_DIRECTIONS_. Transcribe the whole listing without a single picture.

_SUPPLIED MATERIAL_.
--------
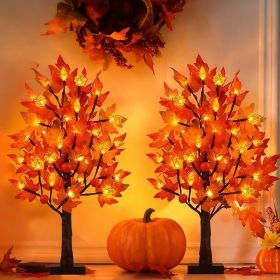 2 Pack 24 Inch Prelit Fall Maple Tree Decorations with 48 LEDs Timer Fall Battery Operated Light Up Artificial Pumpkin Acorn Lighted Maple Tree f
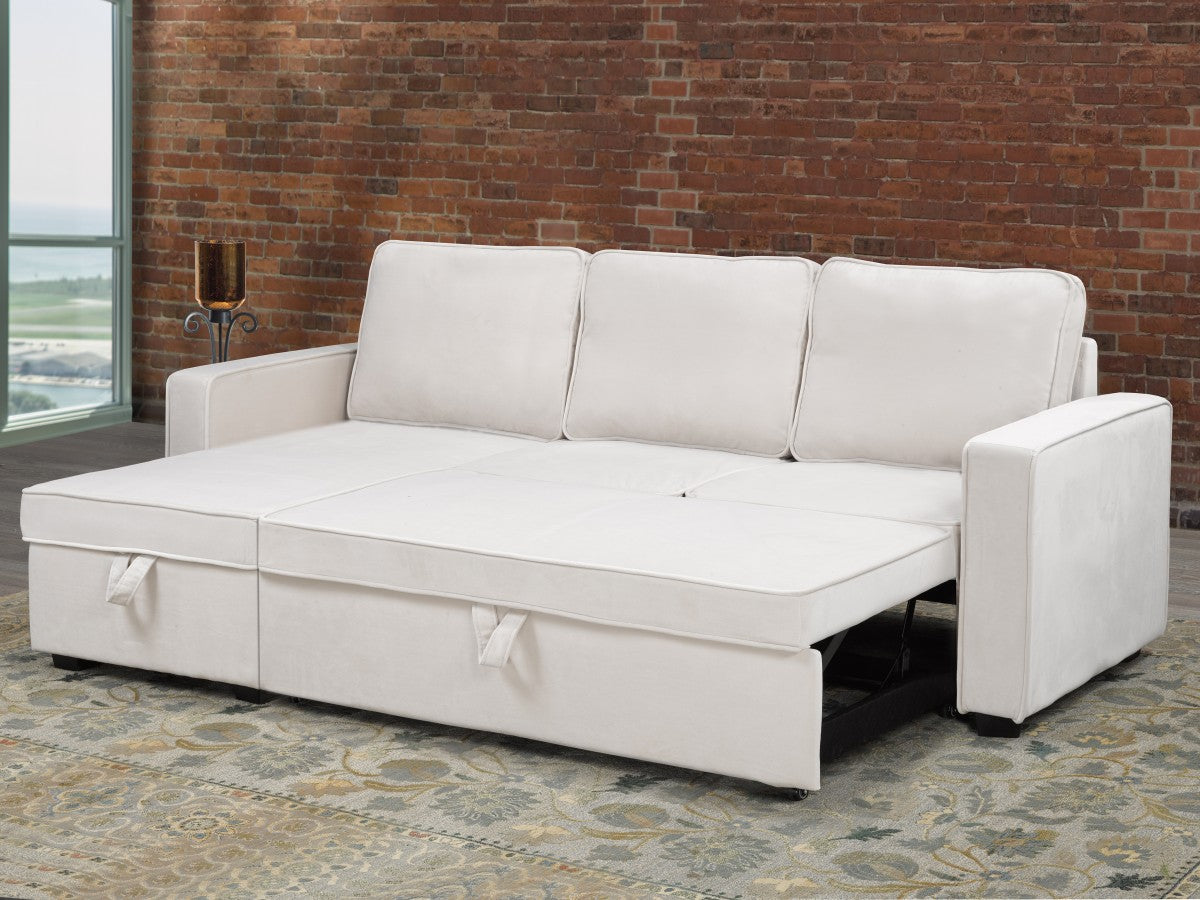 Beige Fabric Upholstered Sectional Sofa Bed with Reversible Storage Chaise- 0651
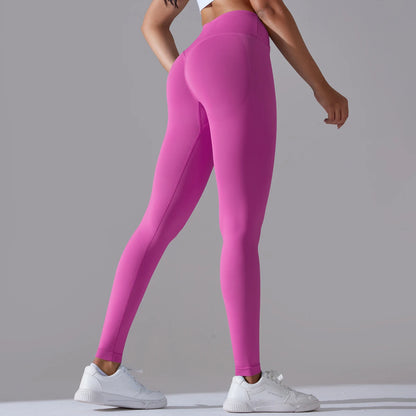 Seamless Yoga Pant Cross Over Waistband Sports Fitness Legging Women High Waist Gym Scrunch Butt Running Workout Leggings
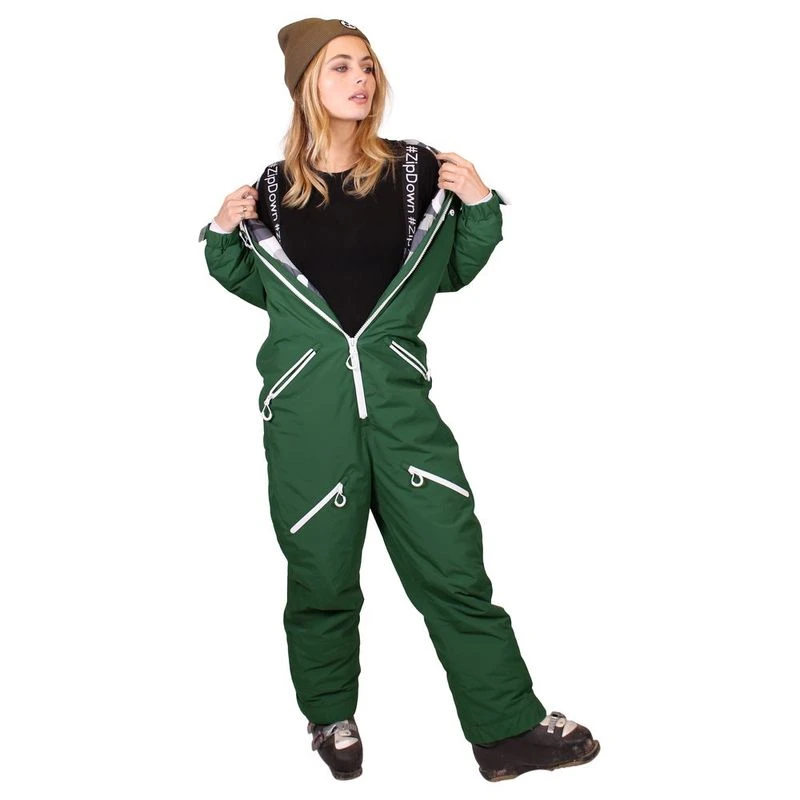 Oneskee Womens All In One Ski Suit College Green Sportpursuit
--------
_YOUR SOLUTION_.
 2 Pack 24 Inch Prelit Fall Maple Tree Decorations with 48 LEDs Timer Fall Battery Operated Light Up Artificial Pumpkin Acorn Lighted Maple Tree f
 Beige Fabric Upholstered Sectional Sofa Bed with Reversible Storage Chaise- 0651
 Seamless Yoga Pant Cross Over Waistband Sports Fitness Legging Women High Waist Gym Scrunch Butt Running Workout Leggings
 Oneskee Womens All In One Ski Suit College Green Sportpursuit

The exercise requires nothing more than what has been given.